Approvals slide as Housing Accord falls further behind target

National build rate stuck near 204,000 homes a year, well short of the 240,000 needed to hit Accord goals

Approvals slide as Housing Accord falls further behind target

News

By Mina Martin

Australia's housing approvals pipeline sent mixed signals in May, and for brokers advising both first-home buyers and property investors, the shortfall against official targets matters as much as the monthly headline.

Westpac Economics described the results as "detached dwellings remain resilient," even as the broader approvals pace continues to normalise from the elevated levels reached in February.

Detached house approvals were the standout, according to the latest Australian Bureau of Statistics (ABS) figures, climbing 2.8% to 10,537 — the fourth straight month above 10,000 and the strongest result in almost five years, since September 2021.

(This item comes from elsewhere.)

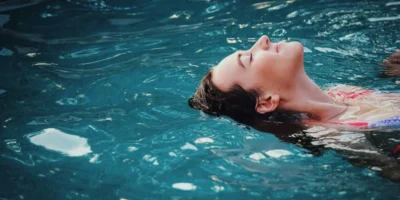 a woman relaxing/floating in an indoor pool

On an annual basis, detached approvals are now running 13.2%yr higher, the strongest annual pace since September 2024. Westpac economist Luka Belobrajdic noted in the bulletin that this suggests detached housing approvals have "remained relatively resilient despite higher interest rates."

ABS head of construction statistics Daniel Rossi said "private sector house approvals rose 2.8%, to the highest level since September 2021," adding this was the fourth consecutive month with over 10,000 private sector houses approved.

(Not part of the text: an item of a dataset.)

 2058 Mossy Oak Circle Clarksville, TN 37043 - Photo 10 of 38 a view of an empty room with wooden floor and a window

Total dwelling numbers told a weaker story, falling 1.1% to 17,019 — the third consecutive monthly decline — as approvals for units, townhouses, and other medium-density stock dropped a steep 10.4% to 6,034.

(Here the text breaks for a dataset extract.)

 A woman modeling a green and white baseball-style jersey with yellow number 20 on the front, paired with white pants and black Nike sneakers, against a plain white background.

Westpac's analysis attributed the unit slump largely to high-rise projects, which it estimated fell 35%mth, while low-and-mid-rise approvals declined a more modest 6.9%mth. The annual pace for units has now moved into outright contraction, down 8.6%yr and sitting below the average level recorded across 2025 — a reversal from the surge recorded in February.

Regionally, the picture was uneven: South Australia and NSW recorded growth in private dwelling approvals, while Western Australia and Victoria posted modest declines, and Queensland recorded the weakest outcome of any state, with approvals falling 14.2% month-on-month as both houses and units retreated.

In value terms, residential building approvals fell 5.7% for the month, but a sharp 41% rise in non-residential approvals — led by data centre-related projects — pushed the total value of building approvals up 14% overall.

Zooming out to the national picture, Australia is on track to build roughly 204,000 homes in the year to 31 May, well below the government's National Housing Accord target of 240,000 homes a year — part of a broader goal of 1.2 million new homes nationally by June 2029.

AMP chief economist Shane Oliver said the shortfall is likely to persist, warning "once allowance is made for demolitions and failures to start and complete home projects, home building is still likely to run well below the government's Housing Accord target to build 240,000 a year," news.com.au reported.

Oliver added that "the rate hikes this year are also likely to drive some softening in approvals going forward and there are already some signs that unit approvals may have peaked."

Westpac's own outlook echoed this caution, flagging that further softening in approvals appears likely amid a higher-rate environment and elevated construction costs, with tax changes adding further uncertainty. 

Accord target still out of reach

NSW illustrates the strain most starkly. Despite a 2.2% monthly uplift in its own figures, Property Council NSW executive director Katie Stevenson said the state remains well short of trajectory.

"NSW is tracking well below what's needed to meet its 377,000 new homes target by July 2029, and the gap is widening," Stevenson said.

This aligns with Westpac's own state-level data, which recorded NSW as one of only two states — alongside South Australia — to post growth in private dwelling approvals in May.

That state target sits a month behind the Accord's national deadline — and on Stevenson's own account, NSW is moving further from it rather than closer.

Master Builders Australia CEO Denita Wawn struck a similar note nationally, arguing that "incremental change will not deliver the National Housing Accord's target of 1.2 million new homes. We need bold, coordinated reform to unlock supply at scale."